Diese Woche ist außerdem mein erstes, größeres Rechercheprojekt bei netzpolitik.org erschienen. Zusammen mit Sebastian und Ingo habe ich mich nochmals auf den Xandr-Datensatz gestürzt, über den Ingo im Juni erstmals berichtet hatte. Das ist eine riesige Tabelle, die der Datenmarktplatz Xandr versehentlich ins Netz gestellt hatte. Sie gibt einen beispiellosen Einblick in die Geschäfte der Werbeindustrie. In unserem Follow-up haben wir erstmals auf EU-Ebene gezeigt, wie persönlich die Daten sind, die die Werbeindustrie trotz Datenschutzgrundverordnung (DSGVO) über uns sammelt und zu Geld macht.

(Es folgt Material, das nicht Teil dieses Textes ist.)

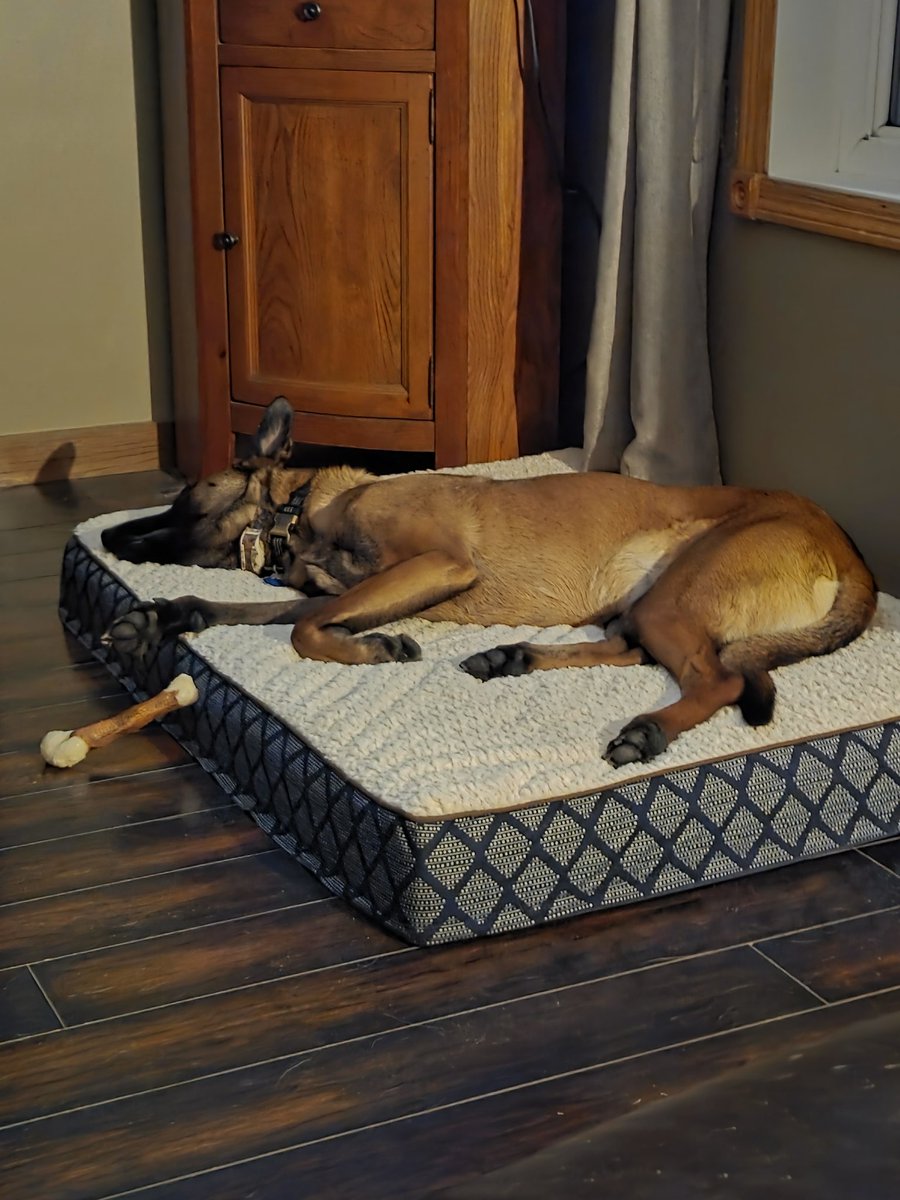 The Only James Magelk tweet media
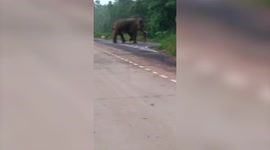 Giant tusker strolls amid highway in eastern India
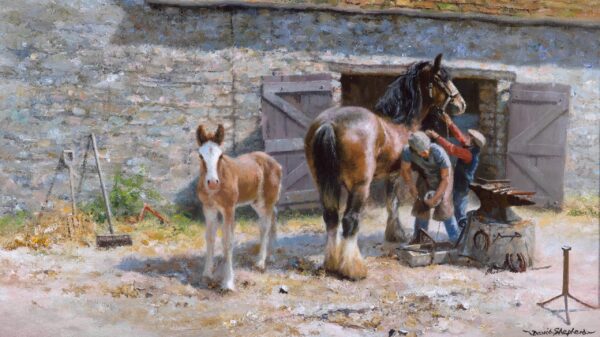 Shoeing Time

Dabei war ich als Datenjournalist besonders gefragt: Die Aufgabe war es, aus rund 650.000 Zielgruppen, sogenannten Segmenten, jene zu finden, die sich erstens auf EU-Bürger*innen beziehen und zweitens auf persönliche Eigenschaften. So ein Segment handelt zum Beispiel von Witwen auf dem Land in Frankreich – und ja, man kann an diese Zielgruppe gezielt Online-Werbung ausspielen.
Tagelang haben wir gefiltert und sortiert, zuerst maschinell, dann händisch. Zuletzt haben wir über einzelne Segmente diskutiert: Halten wir es für eine gesundheitlich relevante, persönliche Eigenschaft, wenn jemand Alkohol trinkt – oder muss es schon „überdurchschnittlich“ viel Alkohol sein? Und warum gibt es ein Segment über „unsichere“ Menschen, die „unnötige Ausgaben“ machen?
Mein Zwiespalt mit der DSGVO
Ich war erschrocken, wie feinkörnig wir in manchen Bereichen unseres Lebens vermessen werden. Wie sehr einige der Segmente vor Missachtung gegenüber den Betroffenen strotzen: „Geringverdiener ohne Orientierung“ zum Beispiel. Etliche Male habe ich mir in den letzten Wochen an den Kopf gefasst und laut ausgerufen: Das kann doch einfach nicht sein!
Ich war auch erschrocken, wie leichtfertig einige der Datenbroker jegliche Verantwortung von sich weisen – etwa, indem sie auf unsere Presseanfrage nicht einmal antworten. Und nicht zuletzt war ich erschrocken, wie vielen Menschen das alles komplett egal ist.
Zugleich war ich überrascht, wie viel mehr bedenkliche Segmente wir beispielsweise in den USA fanden, wo der Datenschutz rechtlich eine deutlich kleinere Rolle spielt. Vieles deutet darauf hin, dass die DSGVO uns durchaus vor Schlimmerem bewahrt. Andererseits läuft die Durchsetzung der Gesetze so zäh ab, dass es einen manchmal in die Verzweiflung treiben könnte. Seit Jahren tänzelt etwa Meta der EU auf der Nase herum, weil uns Konzern nicht ordentlich nach Erlaubnis fürs Verknüpfen und Sammeln von Daten bitten möchte.
So bliebt am Ende der Recherche ein Zwiespalt: Sollte ich dankbar sein, dass uns die DSGVO zumindest etwas schützt? Oder sollte ich mich trotzdem alle paar Tage darüber aufregen, dass es das ganze System überhaupt noch gibt?